TASK TO CARRY OUT: Tally the lines of the records below that include the word "Leather", and write down only that tally.

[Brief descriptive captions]
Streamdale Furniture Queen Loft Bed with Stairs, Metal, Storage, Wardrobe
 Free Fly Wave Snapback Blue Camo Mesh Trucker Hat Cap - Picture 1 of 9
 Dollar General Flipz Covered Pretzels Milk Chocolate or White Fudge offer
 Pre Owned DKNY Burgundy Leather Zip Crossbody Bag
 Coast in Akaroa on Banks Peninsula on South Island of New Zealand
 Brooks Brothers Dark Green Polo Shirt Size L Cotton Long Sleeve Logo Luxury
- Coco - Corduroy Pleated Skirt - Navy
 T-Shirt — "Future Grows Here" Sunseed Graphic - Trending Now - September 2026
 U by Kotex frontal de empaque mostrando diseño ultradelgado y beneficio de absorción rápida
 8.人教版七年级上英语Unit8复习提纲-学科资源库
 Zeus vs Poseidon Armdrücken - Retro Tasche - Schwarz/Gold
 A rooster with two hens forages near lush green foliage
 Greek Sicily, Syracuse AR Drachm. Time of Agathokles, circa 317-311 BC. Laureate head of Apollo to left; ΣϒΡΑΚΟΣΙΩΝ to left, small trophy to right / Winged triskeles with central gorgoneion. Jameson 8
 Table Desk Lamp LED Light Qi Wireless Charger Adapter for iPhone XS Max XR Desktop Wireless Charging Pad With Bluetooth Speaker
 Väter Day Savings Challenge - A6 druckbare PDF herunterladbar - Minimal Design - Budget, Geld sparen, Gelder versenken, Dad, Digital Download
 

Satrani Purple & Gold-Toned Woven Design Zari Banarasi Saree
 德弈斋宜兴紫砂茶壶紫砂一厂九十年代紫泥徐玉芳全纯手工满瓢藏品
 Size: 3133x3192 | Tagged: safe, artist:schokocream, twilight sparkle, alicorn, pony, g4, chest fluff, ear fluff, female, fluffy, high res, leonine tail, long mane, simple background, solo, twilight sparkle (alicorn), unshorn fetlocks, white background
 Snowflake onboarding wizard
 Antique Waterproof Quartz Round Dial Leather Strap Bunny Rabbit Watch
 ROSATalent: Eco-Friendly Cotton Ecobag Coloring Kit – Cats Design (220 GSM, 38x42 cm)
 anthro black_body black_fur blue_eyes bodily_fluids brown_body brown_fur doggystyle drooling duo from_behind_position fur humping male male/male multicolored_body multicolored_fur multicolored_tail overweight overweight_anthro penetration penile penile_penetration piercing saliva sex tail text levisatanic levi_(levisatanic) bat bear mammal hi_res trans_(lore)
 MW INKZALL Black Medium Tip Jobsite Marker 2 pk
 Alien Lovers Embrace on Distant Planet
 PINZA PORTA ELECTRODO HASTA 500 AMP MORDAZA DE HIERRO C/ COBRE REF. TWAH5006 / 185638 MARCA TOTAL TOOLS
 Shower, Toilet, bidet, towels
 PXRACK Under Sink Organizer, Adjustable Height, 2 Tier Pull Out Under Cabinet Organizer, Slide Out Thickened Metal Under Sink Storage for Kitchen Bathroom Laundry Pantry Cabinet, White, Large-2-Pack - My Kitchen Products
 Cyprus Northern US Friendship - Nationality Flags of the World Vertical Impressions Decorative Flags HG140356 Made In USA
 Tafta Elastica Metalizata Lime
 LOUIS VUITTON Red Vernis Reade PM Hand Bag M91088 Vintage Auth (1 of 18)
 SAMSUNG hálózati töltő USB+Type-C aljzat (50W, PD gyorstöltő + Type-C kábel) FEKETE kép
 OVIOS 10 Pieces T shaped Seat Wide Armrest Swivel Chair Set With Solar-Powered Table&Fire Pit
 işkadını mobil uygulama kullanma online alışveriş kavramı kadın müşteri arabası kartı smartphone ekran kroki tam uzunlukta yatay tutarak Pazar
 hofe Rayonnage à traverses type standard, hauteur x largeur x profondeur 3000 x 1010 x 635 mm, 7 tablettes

EXERCISE RESPONSE: 2